---- Provided information

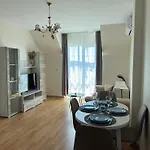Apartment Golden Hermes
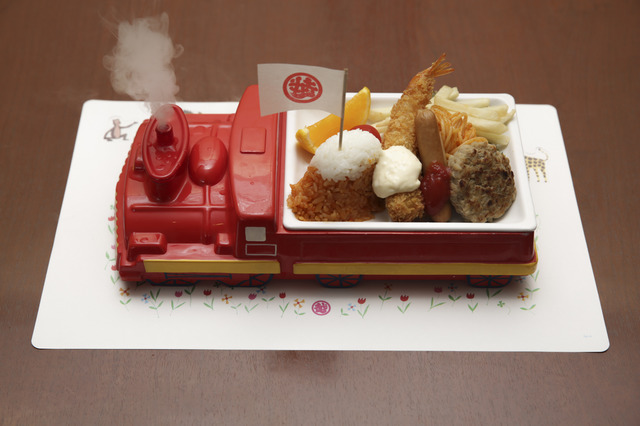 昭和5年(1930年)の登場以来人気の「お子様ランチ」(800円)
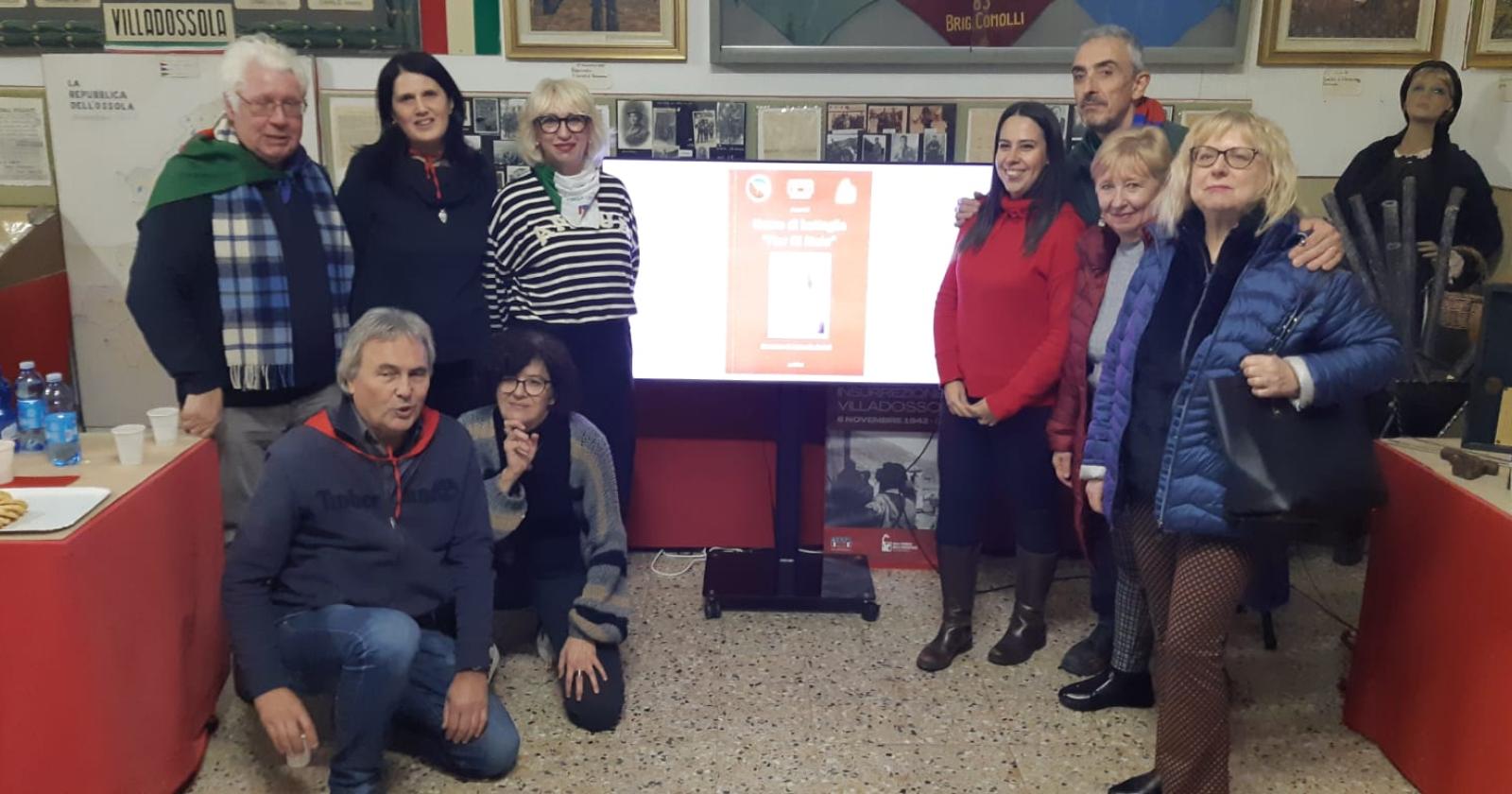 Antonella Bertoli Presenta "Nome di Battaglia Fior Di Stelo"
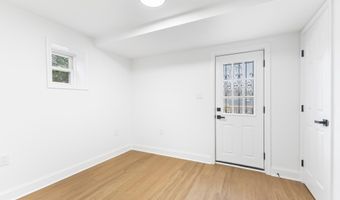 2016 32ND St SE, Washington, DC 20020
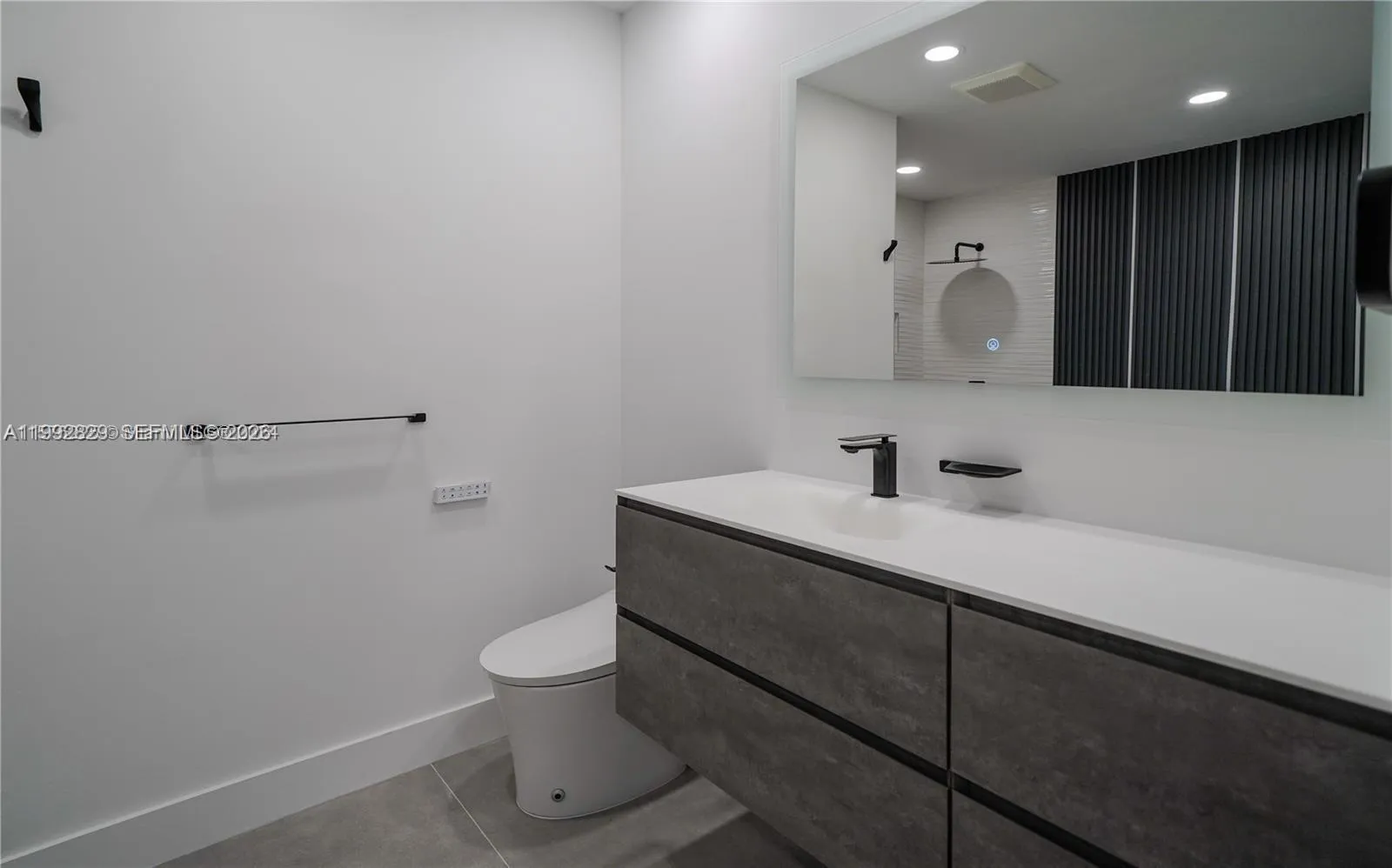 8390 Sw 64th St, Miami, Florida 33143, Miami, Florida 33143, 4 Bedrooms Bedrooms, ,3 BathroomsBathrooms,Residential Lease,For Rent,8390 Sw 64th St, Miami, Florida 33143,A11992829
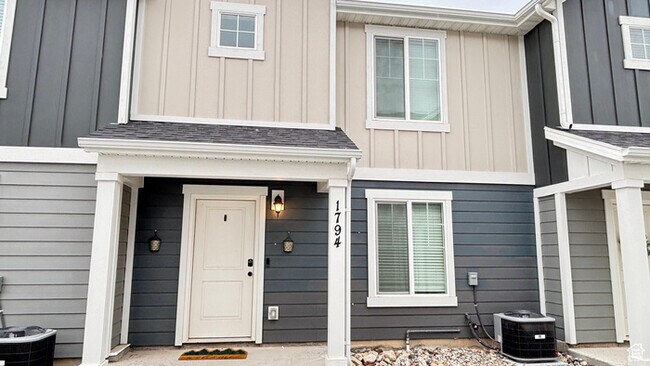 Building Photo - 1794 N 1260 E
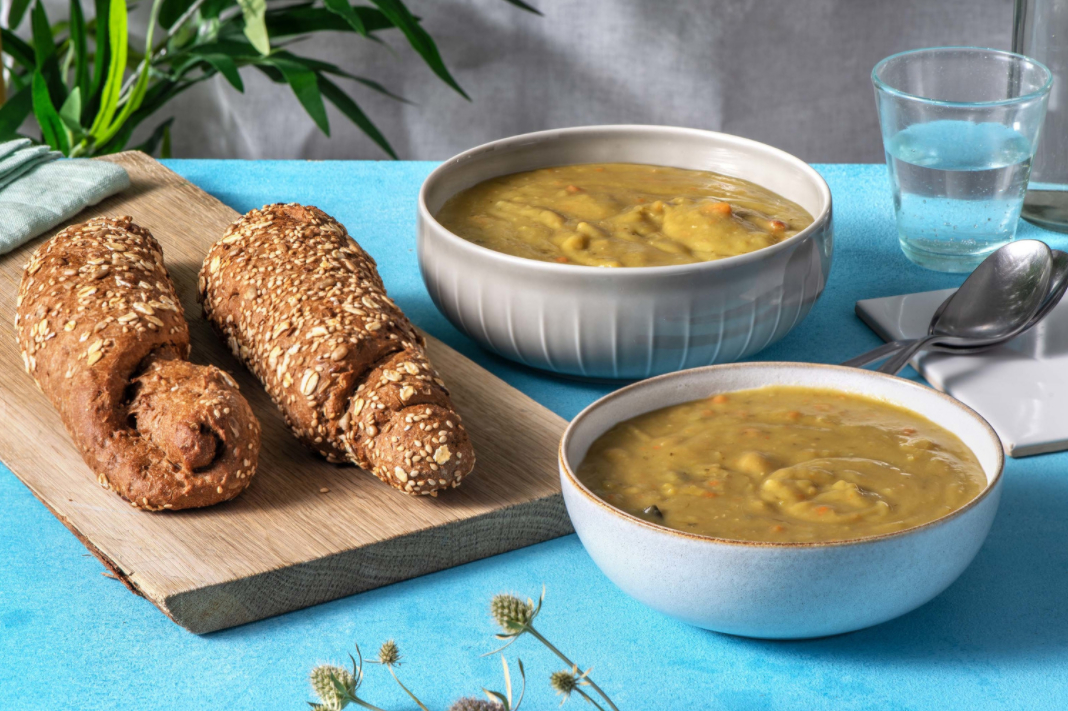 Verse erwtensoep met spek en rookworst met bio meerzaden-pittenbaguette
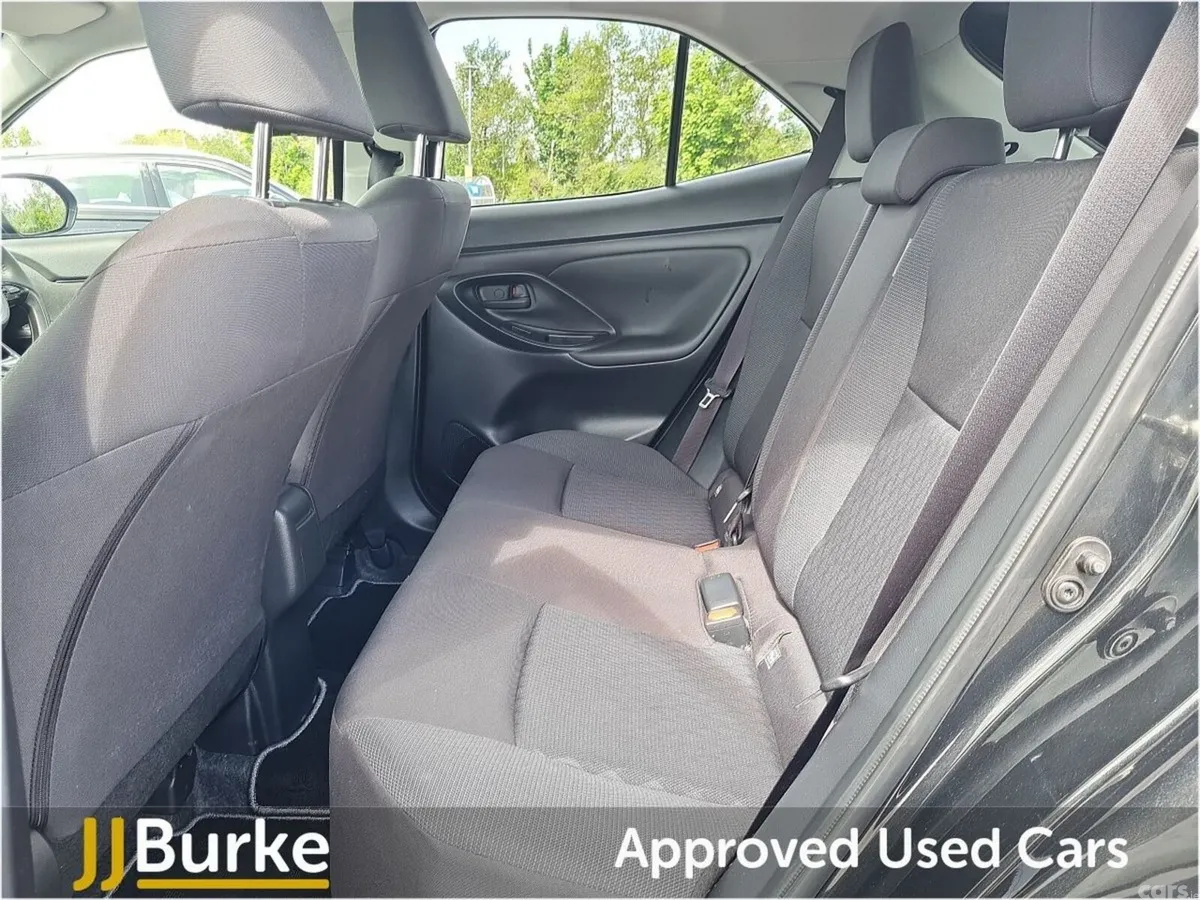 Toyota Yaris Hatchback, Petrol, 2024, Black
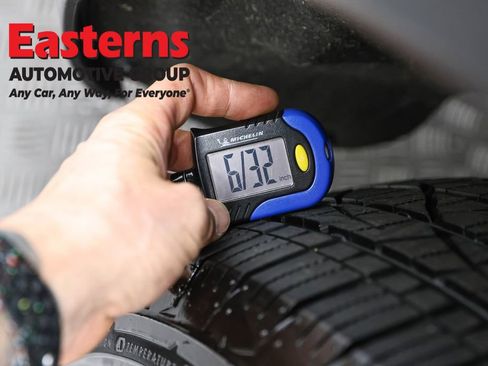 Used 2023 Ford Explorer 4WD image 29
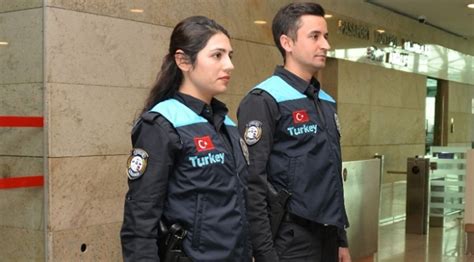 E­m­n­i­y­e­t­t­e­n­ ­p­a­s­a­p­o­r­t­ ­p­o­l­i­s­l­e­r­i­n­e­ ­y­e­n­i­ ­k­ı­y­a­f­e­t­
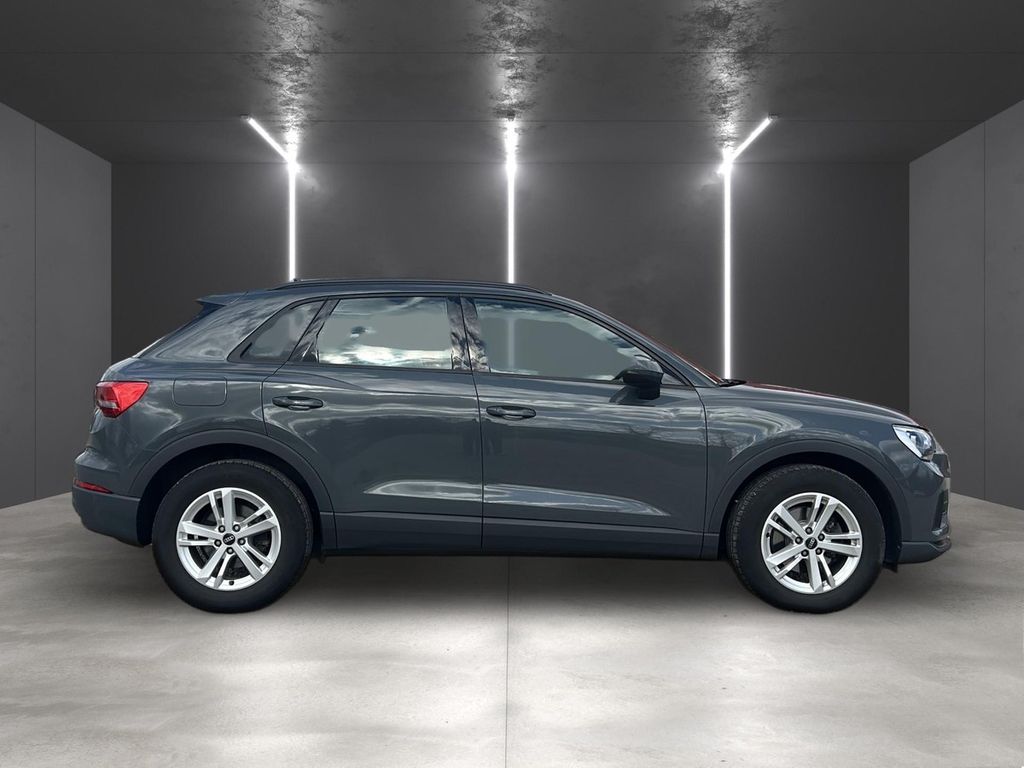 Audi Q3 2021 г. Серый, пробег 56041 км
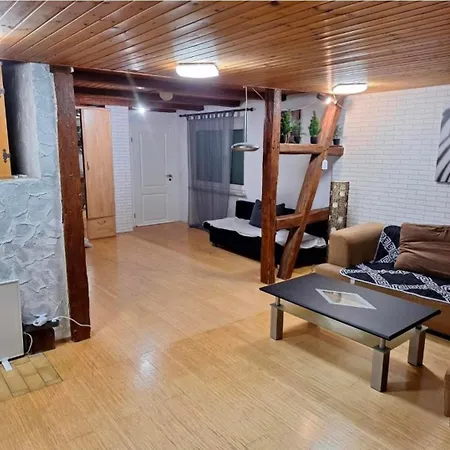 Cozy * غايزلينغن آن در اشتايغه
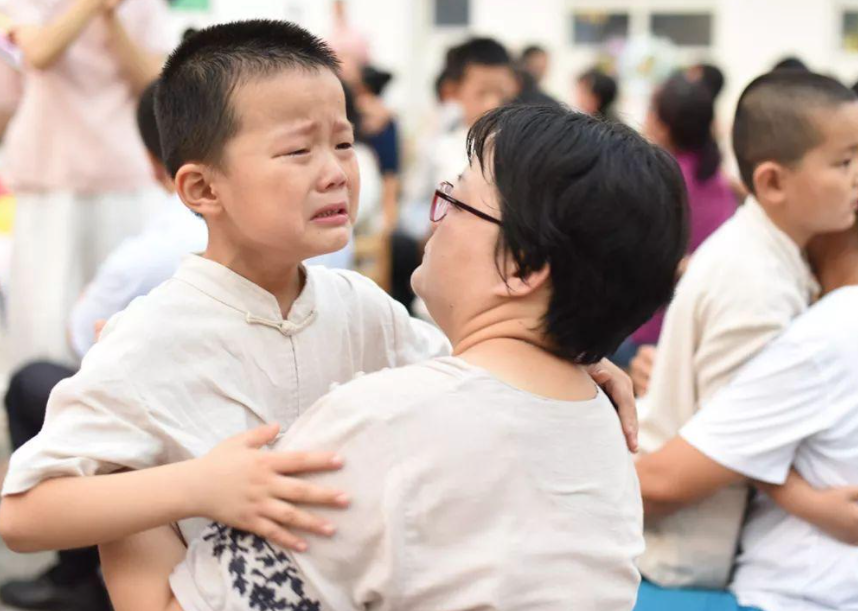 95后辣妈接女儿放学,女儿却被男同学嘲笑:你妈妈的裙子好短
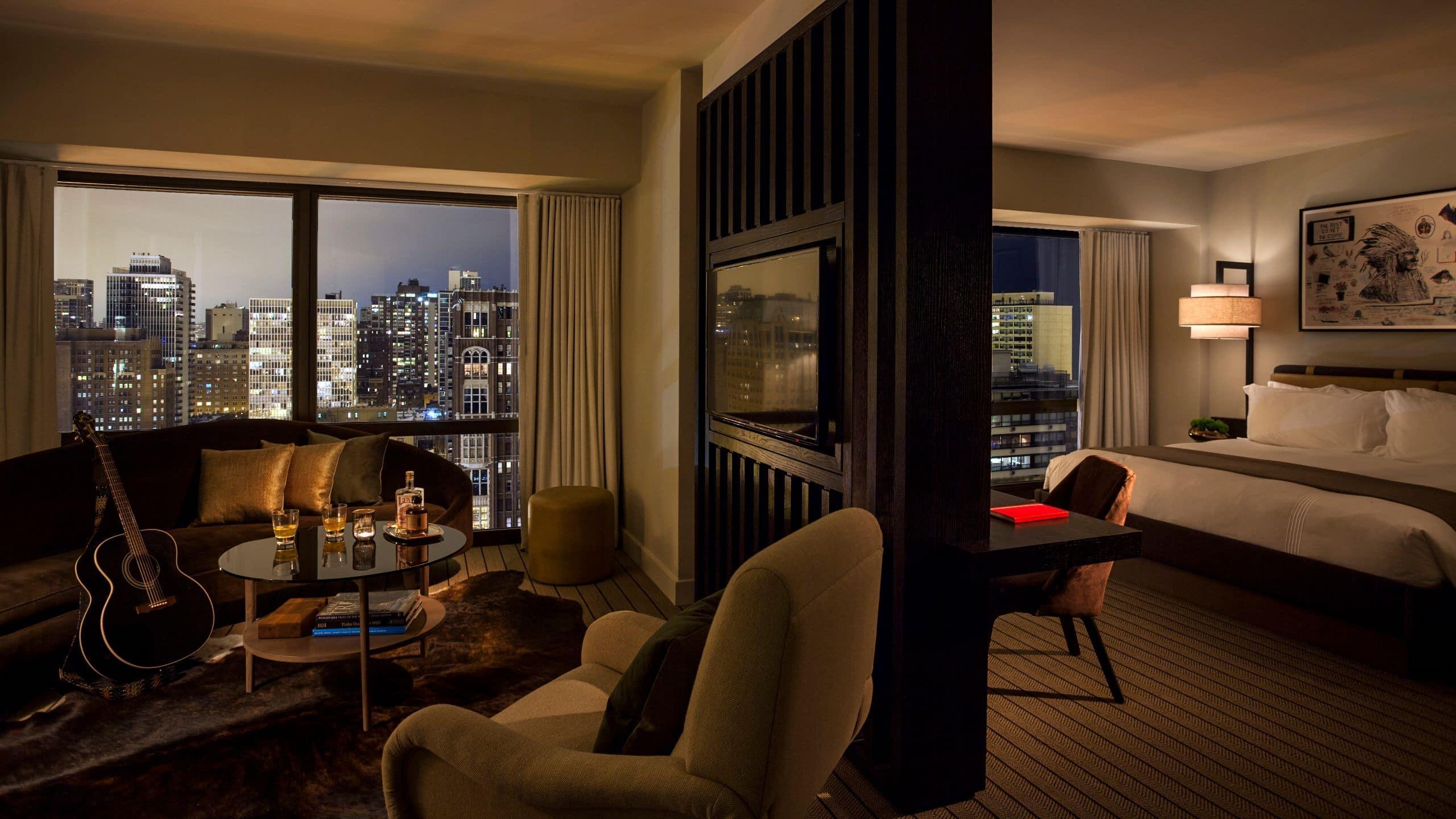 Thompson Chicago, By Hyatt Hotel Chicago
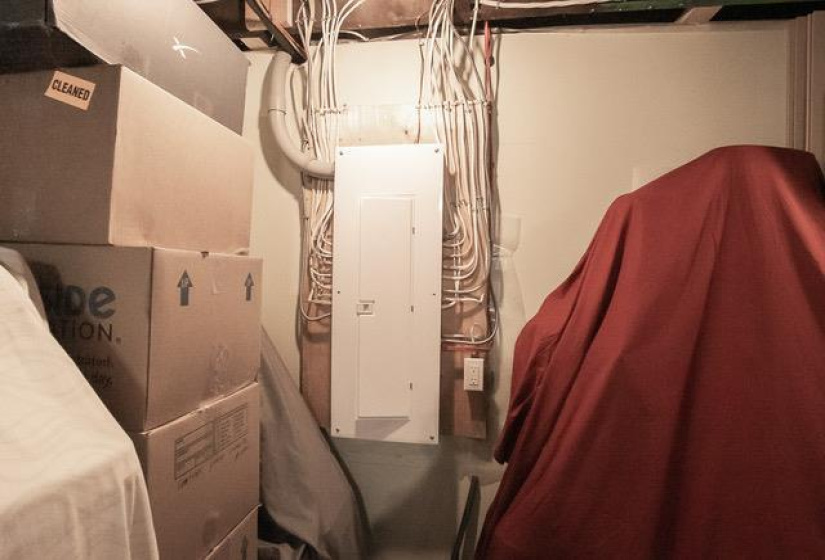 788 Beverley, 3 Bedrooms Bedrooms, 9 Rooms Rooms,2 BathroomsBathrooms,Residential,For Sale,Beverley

--------

* [What you have to do]: Starting at the line above that has "Antonella Bertoli Presenta" and ending at the line that has "Building Photo - 1794 N 1260 E", copy each line exactly, leaving the pictures out and adding nothing.

* [Response box]:
 Antonella Bertoli Presenta "Nome di Battaglia Fior Di Stelo"
 2016 32ND St SE, Washington, DC 20020
 8390 Sw 64th St, Miami, Florida 33143, Miami, Florida 33143, 4 Bedrooms Bedrooms, ,3 BathroomsBathrooms,Residential Lease,For Rent,8390 Sw 64th St, Miami, Florida 33143,A11992829
 Building Photo - 1794 N 1260 E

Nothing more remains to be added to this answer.